Chiaramente si tratta di una considerazione del tutto personale, perché magari c’è chi va pazzo per le produzioni rilasciate nel corso degli anni Ottanta o all’inizio dei Novanta. “The Boatman’s Call”, composto da dodici tracce e realizzato assieme agli immancabili e imprescindibili Bad Seeds, uscì nel 1997, quindi il buon Nick era sulle scene già da parecchio tempo e di sperimentazione ne aveva fatta tanta, soprattutto a livello musicale, come dimostrato da vari lavori in bilico tra wave, dark, rock e cantautorato.
Con “The God Son”, “Henry’s Dream” e “Murder Ballads” aveva un po’ “addolcito” il sound, continuando comunque a coltivare una scrittura tagliente e imprevedibile. Arrivato a quarant’anni esatti, quindi nel pieno della maturità, il genio australiano raccolse una manciata di canzoni vagamente intimiste e romantiche e, proprio con i Bad Seeds, pensò bene di registrarle in modo quasi essenziale, costruendo atmosfere calde e “confidenziali”.
Ecco allora un lavoro ricolmo di ballate, di pezzi lenti, rilassanti, dolci. Roba da far venire i brividi e commuovere: almeno per il sottoscritto, “The Boatman’s Call” è una sorta di testamento di Mr. Cave. Tutto è incredibilmente equilibrato, nel senso che si respira un’atmosfera pacata, tipica di chi è in pace con se stesso e sta navigando in acque sicure e guarda l’orizzonte con ottimismo.
“The Boatman’s Call” è il classico album di cui ho bisogno per rilassarmi, non a caso lo metto nello stereo spesso di sera, dopo una lunga giornata di lavoro in cui necessito di tranquillità pura. Lo trovo un album rincuorante, perché i pezzi che si trovano al suo interno hanno il potere di trascinarmi in una condizione di benessere, di armonia assoluta.
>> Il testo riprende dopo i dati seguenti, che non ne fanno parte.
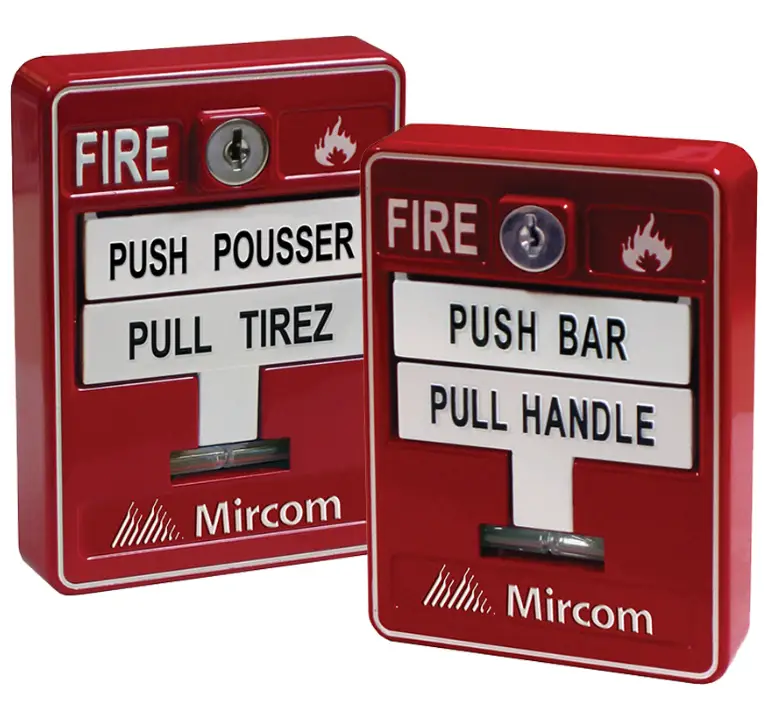 Mircom-MS-710U-Metal-Fire-Alarm-Station-product-image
Non credo proprio di essere l’unico ad adorare così tanto un disco simile, che quando vide la luce io avevo appena nove anni. Per me, in “The Boatman’s Call” c’è il Nick Cave più saggio e in forma in assoluto. La sua voce unica plana con disinvoltura su musiche piene, dense, frutto di una sapiente commistione di strumenti per lo più acustici.
Into My Arms, Lime Tree Arbour e There is a Kingdom sono solo alcuni dei brani che più amo di una raccolta che è un qualcosa di straordinario (non posso nascondere un vero e proprio debole per (Are You) The One That I’ve Been Waiting For?). Un disco magistrale, impeccabile, di livello assoluto, senza sbavature o episodi poco convincenti.
Ogni ascolto comporta una scarica di sussulti, di battiti prepotenti, di pulsioni nelle viscere. È come essere trasportati altrove, entrare in una condizione sognante e beata. Indubbiamente un qualcosa che mi rasserena come poche altre cose al mondo.